Há medidas preventivas que vem sendo pensadas, e algumas até implementadas em certas Sociedades, que concernem ao momento de parada das atividades do analista. Numa Carta ao Editor no International Journal of Psychoanalysis (2013), Danielle Quinodoz encaminha uma série de ideias, fruto de discussões na Sociedade Suíça. A primeira delas consiste na determinação, pela instituição, de uma idade limite para as atividades de todos os analistas. Uma ideia diferente é que esta idade-limite seja estipulada pelo próprio analista, de antemão. Outra possibilidade seria a avaliação regular através de entrevistas realizadas por um Comitê interno que intervenha somente quando necessário.

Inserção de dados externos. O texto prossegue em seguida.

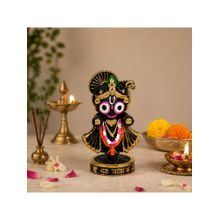 eCraftIndia Black & Golden Jagannath Idol Decorative Spiritual Showpiece Gift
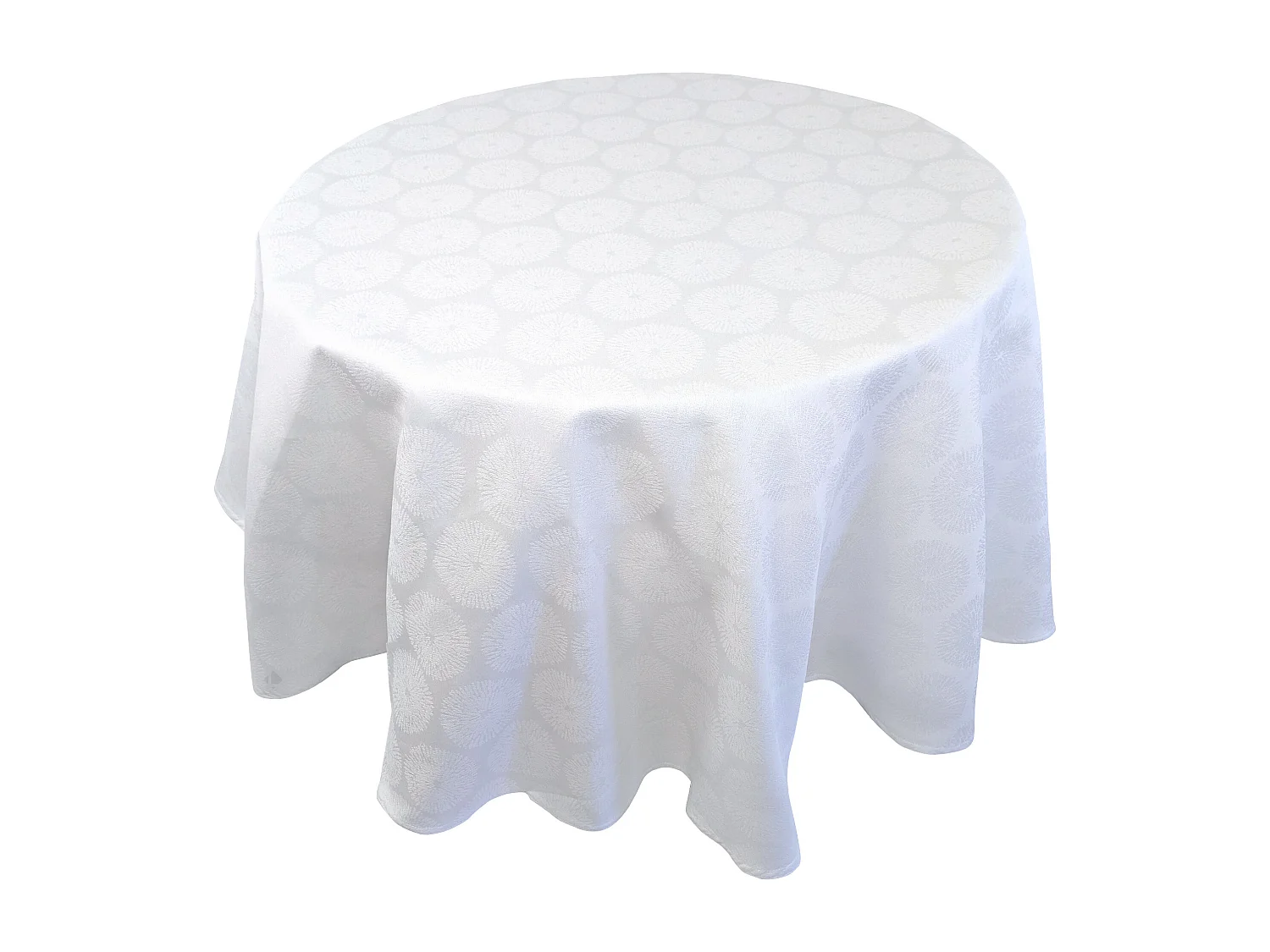Nappe ronde 180 cm HÉLIOS Blanc Jacquard coton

Uma interessante variação é a proposta de participação dos membros mais velhos em Seminários Clínicos, nos quais possam manter trocas constantes com colegas de várias idades, expandindo a consciência do estado de suas capacidades profissionais. Por último, a indicação por parte do analista de dois colegas com os quais ele tenha vínculo e confiança, que estarão autorizados a avisá-lo e mediar com a instituição, caso ele próprio esteja com dificuldades que já estejam comprometendo sua capacidade para o trabalho. Todas estas são soluções suficientemente boas, estão longe de ser ideais.

Conclusões

Uma vez que a velhice é experiência estranha a quem envelhece, e o próprio sujeito não se reconhece velho, é o outro quem dá notícias da passagem do tempo. Neste sentido, será também o outro – colega ou instituição – a trazer à tona a realidade das limitações que vêm com o envelhecimento? Seria razoável supor que um psicanalista que tenha sua análise pessoal atualizada possa perceber suas defesas narcísicas e evitar a hipocrisia profissional? Saberá o psicanalista aplicar a capacidade analítica a si mesmo, nesse momento da vida? 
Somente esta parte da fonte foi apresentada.